The super rich keep getting richer, in a nutshell. Asia will produce more ultra high net worth individuals than both the United States and Europe in the next five years. Asia has 44,505 UHNW individuals worth US$6.5 trillion (HK$50.4 trillion), up 5.4 per cent from last year.
Most are self-made: 65 per cent, 88 per cent are men and they are worth, on average, US$139 (HK$1,078) each million, up US$1.8 million (HK$13.9 million) from last year.
That’s according to Swiss Bank UBS and Wealth X, which studies such things. The rich of North America and Europe lead the charge, as Asia rebounds, while surprisingly, Latin America Slips.
The press release announcing this new Inaugural Wealth-X and UBS World Ultra Wealth Report comes with a bizarre disclaimer. I’ve no idea how long Wealth X has been in bed with UBS , but it’s a first to receive a press release which states that although it’s a UBS document, “the information and opinions expressed were obtained from sources believed to be reliable and in good faith, neither representation nor warranty, express or implied, is made as to its accuracy or completeness.” Let me get this right, they are sending a notice to journalists saying their own information is obtained from possibly dodgy sources and they don’t stand by it?
It continues. “This press release… should not be deemed as the giving of investment advice.
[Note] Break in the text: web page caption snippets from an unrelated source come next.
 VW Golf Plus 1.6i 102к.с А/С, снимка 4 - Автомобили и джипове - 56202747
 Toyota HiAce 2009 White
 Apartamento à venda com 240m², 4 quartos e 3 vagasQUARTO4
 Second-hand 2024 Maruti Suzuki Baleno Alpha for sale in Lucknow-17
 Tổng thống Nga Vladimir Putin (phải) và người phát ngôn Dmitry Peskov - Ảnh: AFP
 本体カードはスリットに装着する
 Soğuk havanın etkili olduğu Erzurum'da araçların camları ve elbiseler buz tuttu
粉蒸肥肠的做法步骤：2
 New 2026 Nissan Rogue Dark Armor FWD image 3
It has no regard to the specific investment objectives, financial situation or needs of any recipient. All information and opinions indicated are subject to change without notice.” Now they may come from cloud cuckoo-clock land – though they claim that’s really Austria - but these Swiss chaps must be spending too much time yodelling if they think hacks get investment advice from press releases. Or that they have any spare cash to invest.
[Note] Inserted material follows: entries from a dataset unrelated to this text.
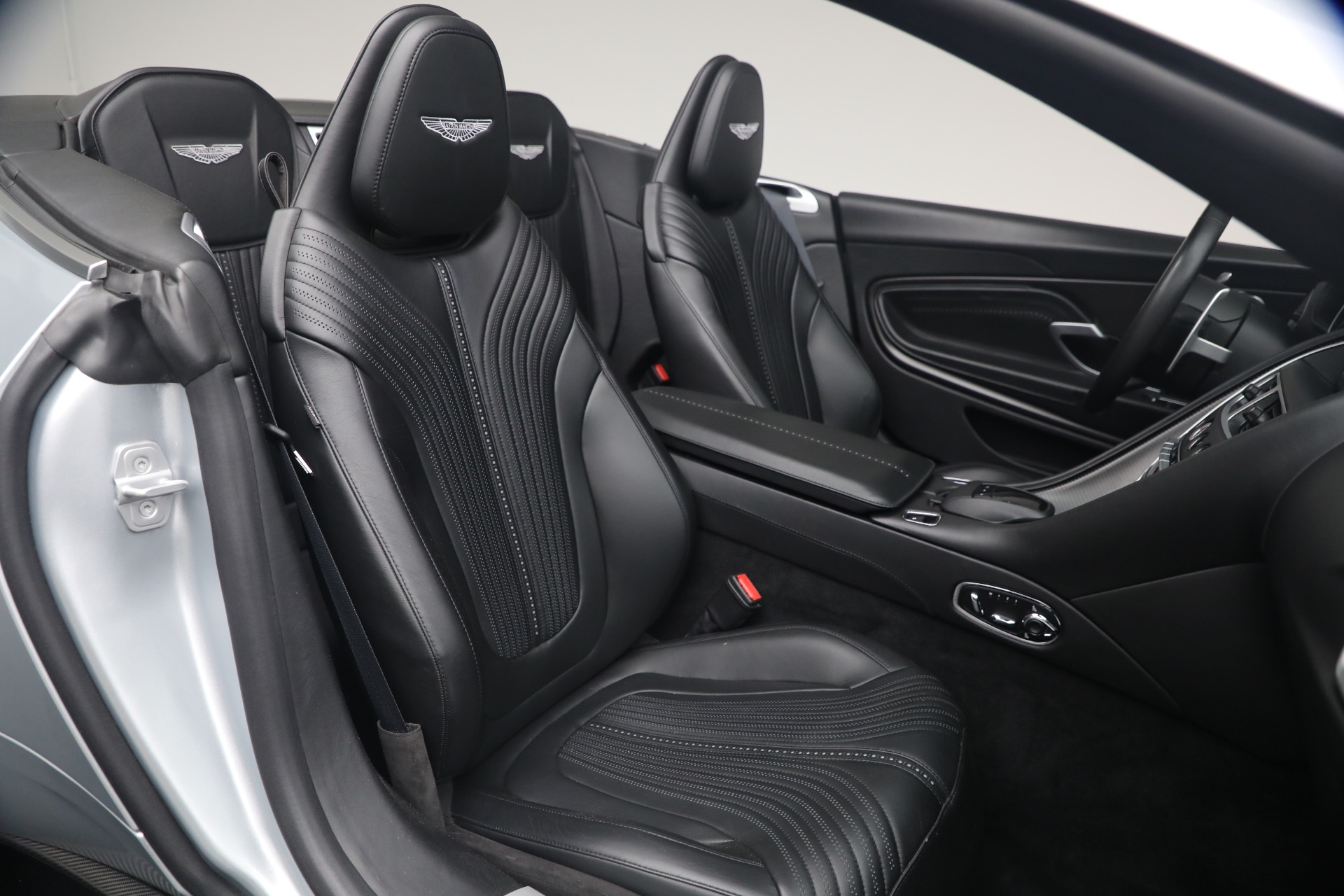Used-2019-Aston-Martin-DB11-Volante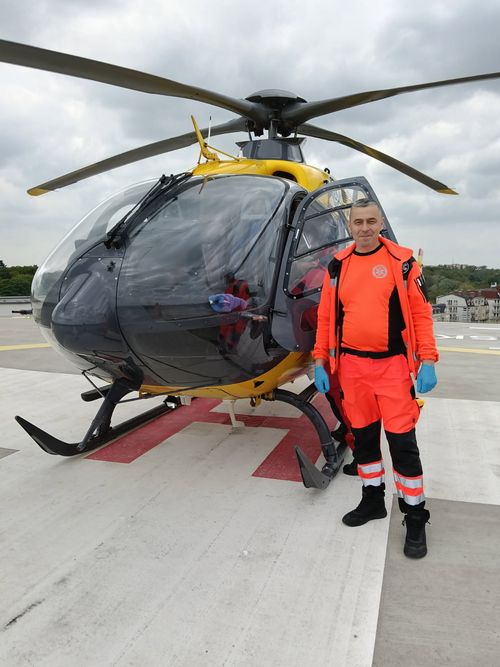 Ambulans DAR-MED przed placówką medyczną w Szczecinie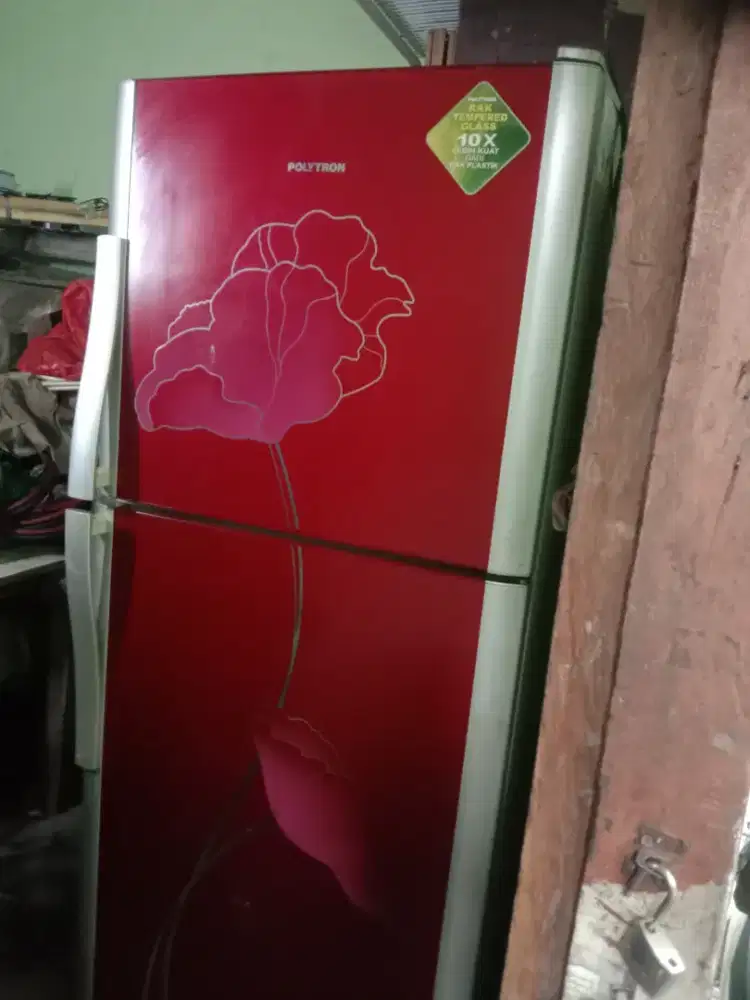 Kulkas. Freezer. Chiller. Showcase. Coldstorage. Pendingin minuman.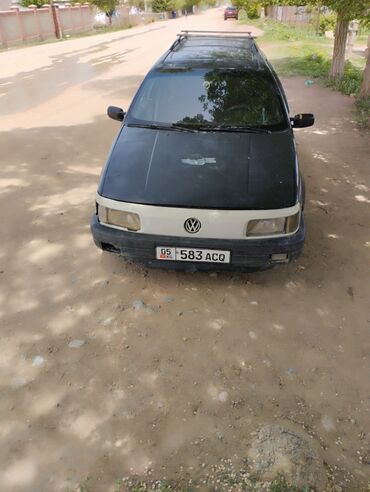 Volkswagen: Volkswagen Passat: 1990 г., 1.8 л, Механика, Бензин, Универсал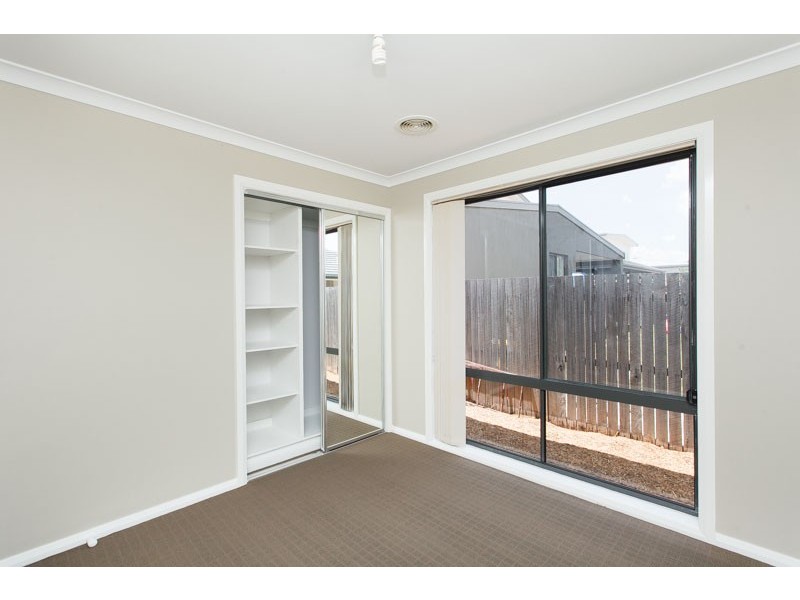 1/18 Jack Ryan Street, Forde ACT 2914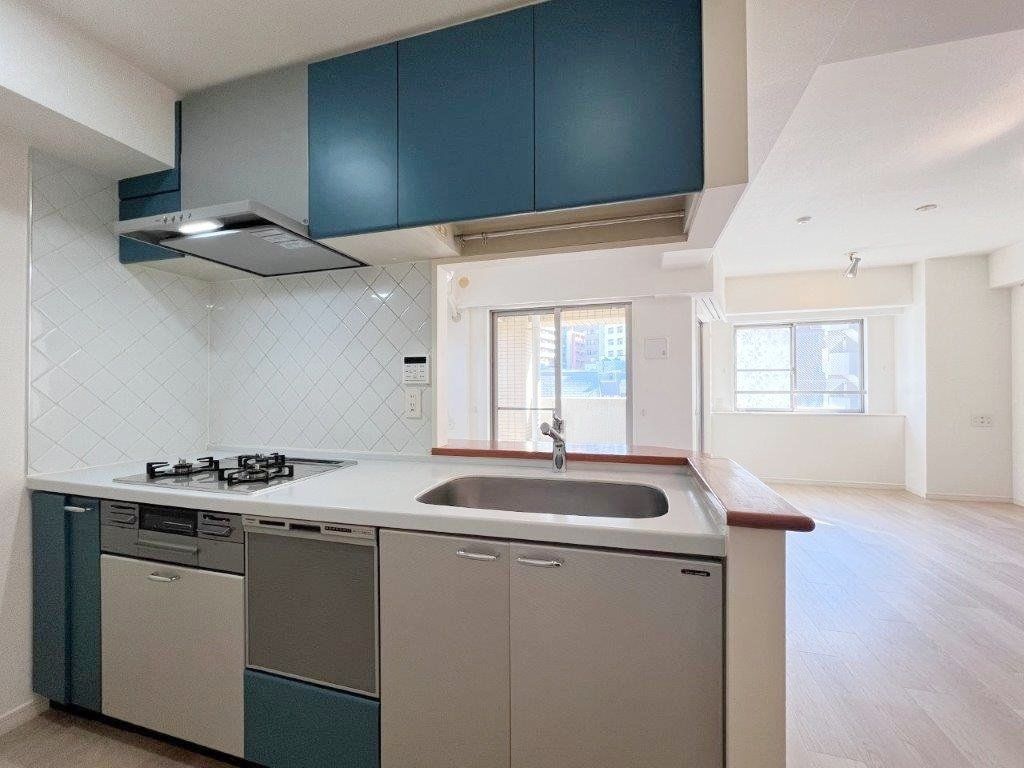 キッチン　キッチン（約3.4帖）3口ガスコンロ・食洗機付です。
“You should obtain relevant and specific professional advice before making any decision.” About whether to use their press release?
Do not reproduce press release
And then, best of all, it says we can’t even use it. “This press release must not be copied, reproduced, distributed or passed (in whole or in part) by the recipient to any other person at any time without prior written consent of UBS.” But they just sent it to me!
On the basis of this, I’m not sure what to read in or out of the apparently potentially unreliable information. If I was Wealth X I’d be reconsidering our partnership. So a quick call to Rachel Lin at UBS in Singapore. Is this a joke? She laughs. No. “Ignore all that,” she laughs. “Just run with it.” But it says it’s potentially unreliable and I cannot reproduce it. “Oh don’t worry about that, it’s just the disclaimer,” she says.
Fine, in which case I can tell you there are now 199,235 individuals with a combined fortune of nearly US$28 trillion (HK$217.1 trillion), up by more than six per cent in population size from last year, greater than the GDP of India.
UHNW individuals have total net assets of US$30 million (HK$232.6 million) and above, it says. China and Brazil, the fourth and seventh wealthiest UHNW nations, saw their super-rich checked by economic slowdowns, it continues. So the rich got richer slower in China.
At current growth rates, Asia’s ultra wealthy population and wealth will leapfrog Europe in 2021 and 2017 respectively.
Plug disguised as press release
"In Asia, the UHNW segment is dominated by entrepreneurs in their first or second generation who are still heavily involved in their family businesses. The services they require go beyond personal investment advice, to include family succession matters and growing the business. At the top end of the segment, you have the family offices and institutional-like client groups which require complex, bespoke solutions and fast execution. UBS's ability to offer world-class and worldwide capabilities across wealth management, investment bank and global asset management, places us at a distinctive advantage in servicing these clients," Thanks Joseph Poon, Head of Ultra High Net Worth, Southeast Asia, UBS Wealth Management. Nice plug. But read your own disclaimer. After all: “neither representation nor warranty, express or implied, is made as to its accuracy.”